One of many excellent tips I’ve picked up from Adele Faber and Elaine Mazlish’s book, “How To Talk So Kids Will Listen & Listen So Kids Will Talk“, is that of engaging a child’s cooperation by giving them information they can choose to act upon. I’ve been fascintated and really quite amazed at how well this works.
One example is when my son was outside throwing a stick around right by a window. Instead of the instinctive “Stop doing that” I tried “If the stick hits the window, the window could break”. He stopped, thought for a moment, then said “I’ll throw it over here” and moved into an open space. (Of course, many parents would simply say they can’t throw the stick at all, but I’ll save that for another post!) Since then there have been numerous similar examples. “The fridge door is open” instead of “Shut the fridge door” (he’s already had the lecture about letting the cold air out etc), “We can’t leave until you’re in your car seat”, and so on.

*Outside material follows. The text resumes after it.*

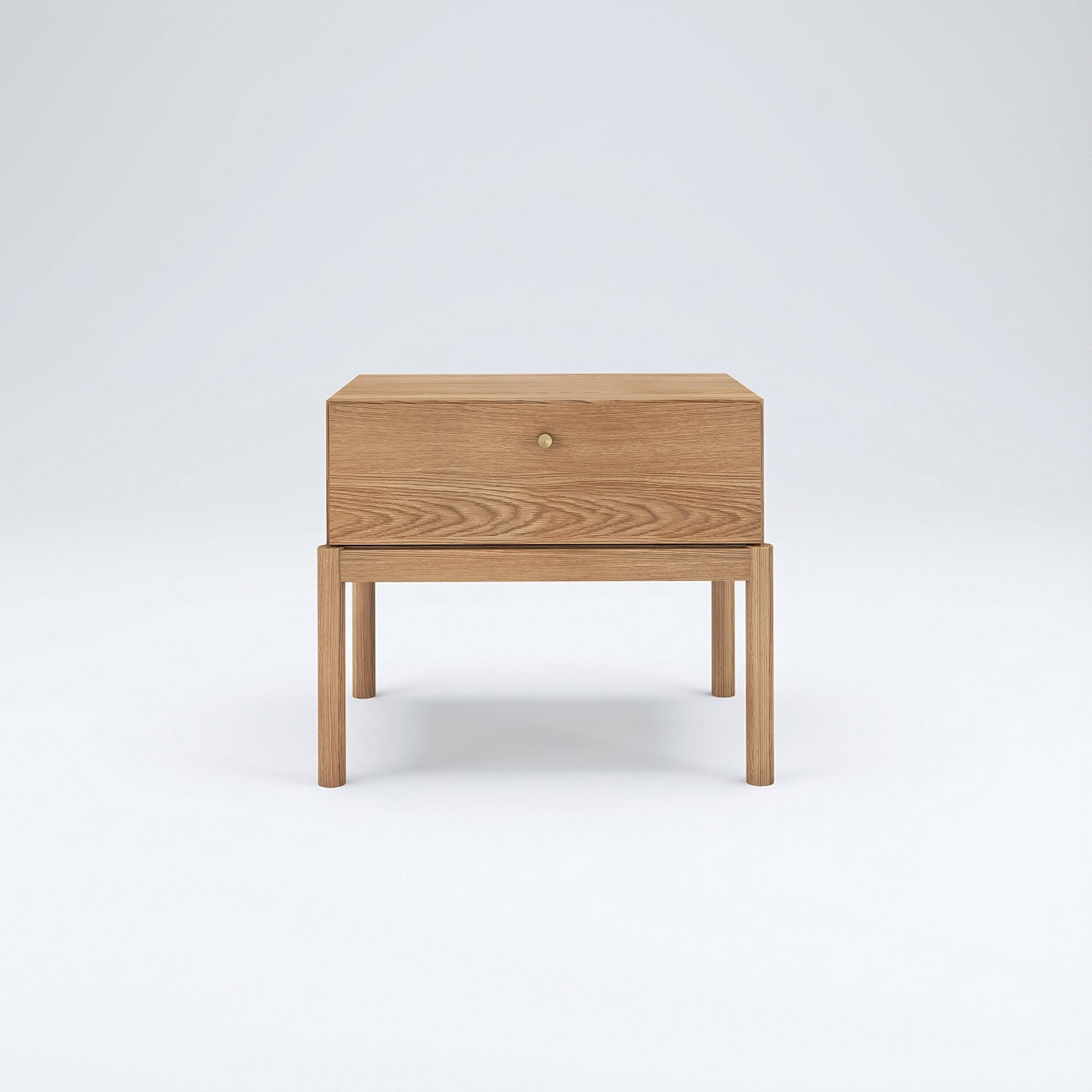 Minimalist oak nightstand with a storage drawer and wooden legs, modern and elegant home furniture.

The beauty of this subtle approach is not just that it usually gets the child to do what you want, but they do it without feeling bossed around, but feeling that they have made a choice; to do the right thing based on the information they have been given. Surely this has to be better for a child’s developing sense of autonomy and positive self image.

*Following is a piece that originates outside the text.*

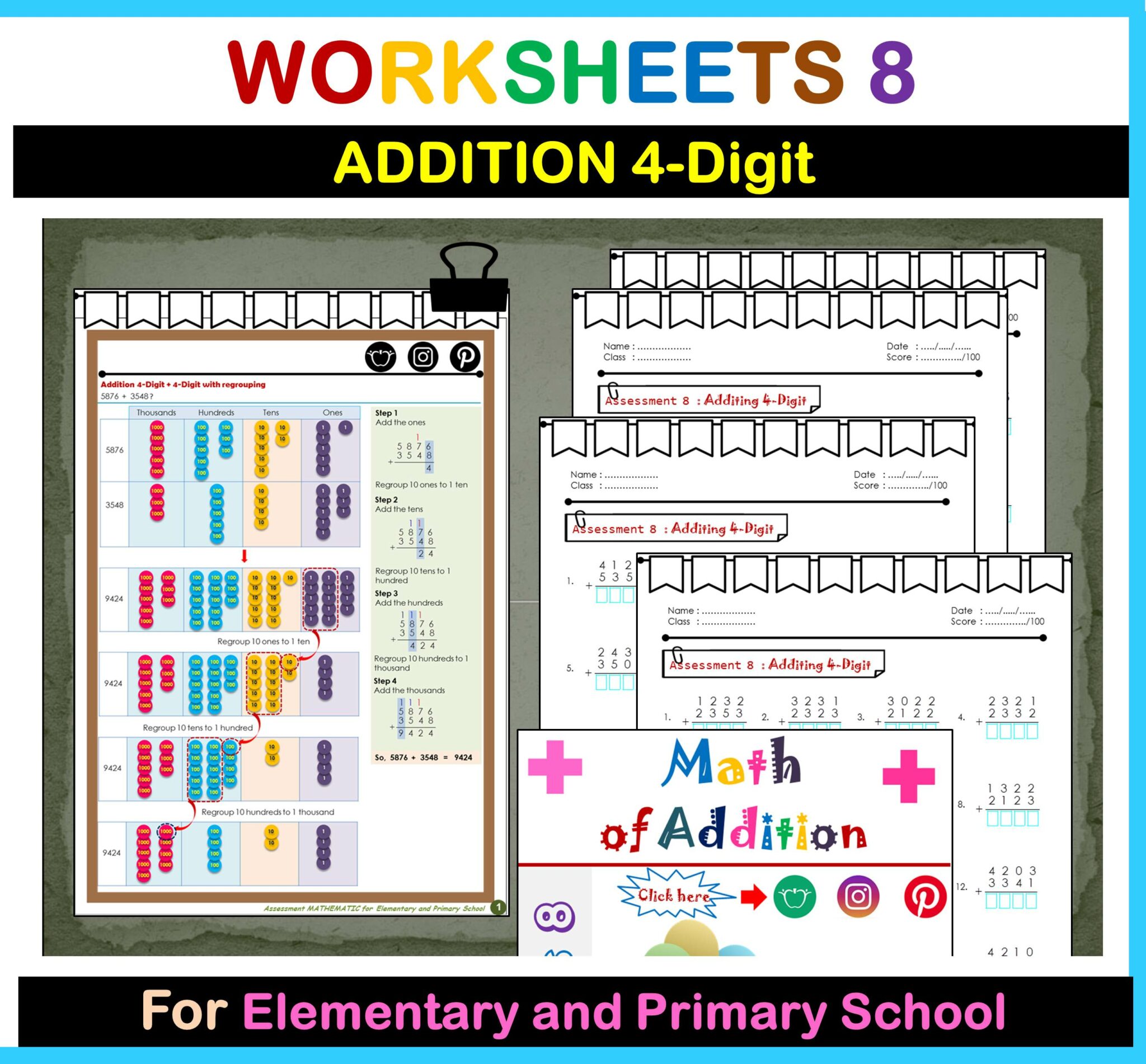 Math Multiplication Part 1 to 8 BUNDLES – Multiplication Worksheets ...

Think about the number of times your child is told what to do every day, day in day out, and how little choice they really have over what happens to them each day. Anything you can do to alleviate this is bound to be welcomed.
I also like this approach as it is a great example of an attitude towards children and parenting that moves away from that of power and submission; that the only lesson children need to learn is to do as they’re told, and that instead, respects the child, and taps into their basic instinct and desire to please, casting the parent in the role of teacher, not dictator.